Continua con il “Decreto Dignità” l’aumento di confusione per gli imprenditori alle prese con incessanti normative correttive ed integrative, modificative ed interpretative. Già è difficile produrre e maturare profitto; aggiungiamo le preoccupazioni per l’eventuale riaccendersi dei contenziosi e l’ulteriore aggravio di costi burocratici. Quale può essere il beneficio per i lavoratori?
Era davvero necessario interferire nella lenta e faticosa ripresa? Proprio nel mercato del lavoro dove il sommerso non riesce ad emergere, sopratutto per le attività minori.

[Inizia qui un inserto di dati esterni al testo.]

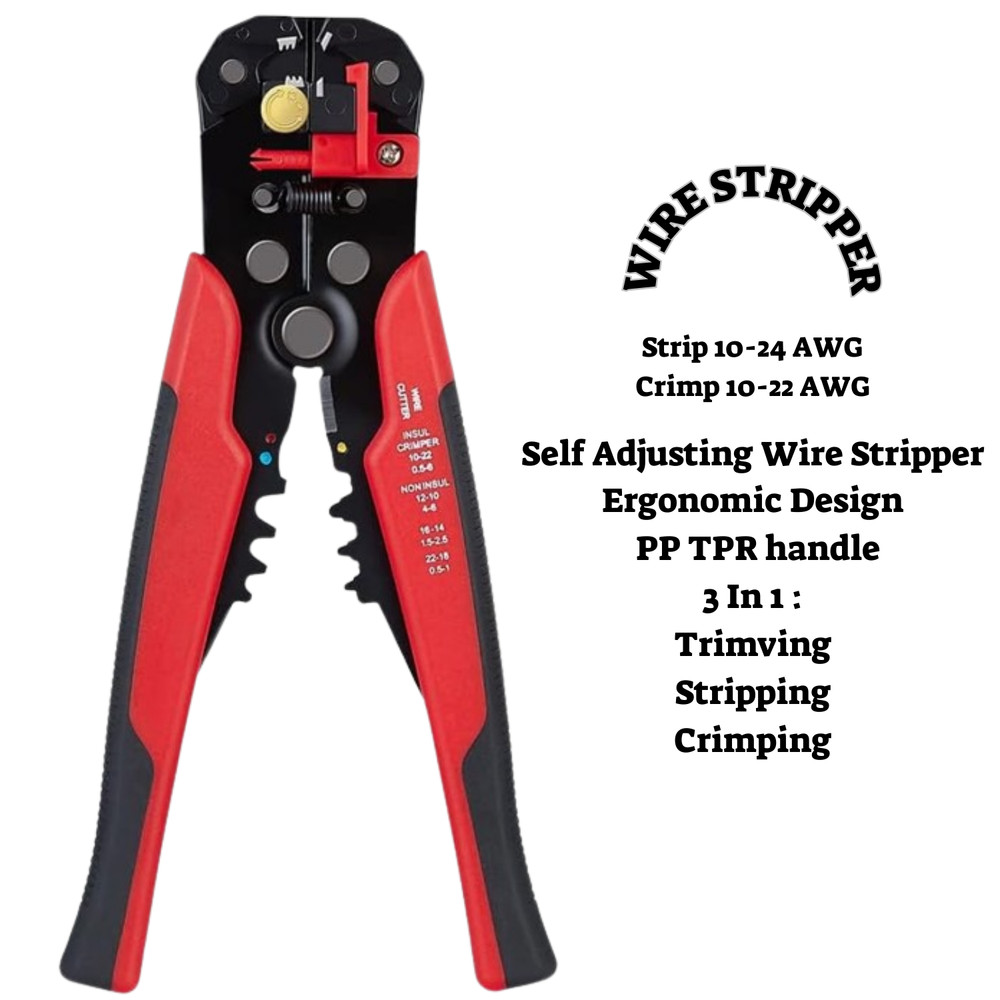 Self Adjusting Wire Stripper 3 in 1 Heavy Duty Automatic Stripping Crimping Tool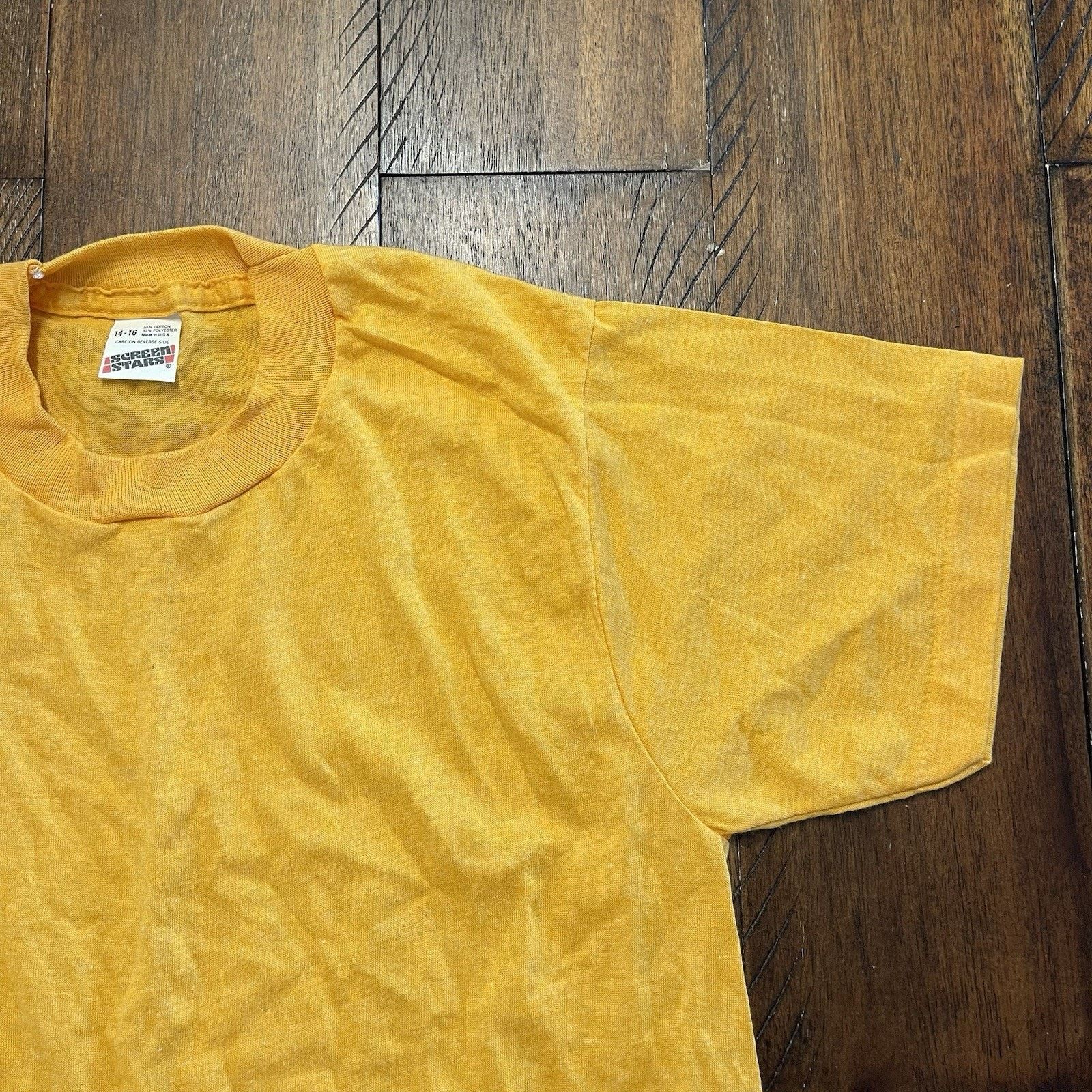 Vintage Screen Stars TShirt Youth L 14-16 50/50 USA Vtg 80s Yellow 3 Size L / US 10 / IT 46 - 3 Thumbnail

Il decreto apporta incertezza e confusione sulla applicazione dei contratti a termine, con un aggravio dei contributi al rinnovo. Quindi una penalizzazione per chi dà lavoro confermandolo.
Ora occorre puntualizzare nel contratto la causale, difficile sopratutto per i ruoli flessibili e pluriformi tipici delle microimprese, in particolare per le somministrazioni e le attività stagionali.
Per non parlare degli indennizzi sui licenziamenti, mina nascosta che minaccia anche i contratti a tempo indeterminato a tutele crescenti, reinserendo di fatto il peso dell’articolo 18, che prima non riguardava le piccole aziende.
Questo tipo di decreto, come ogni decreto, non crea occupazione, ne complica l’affermazione.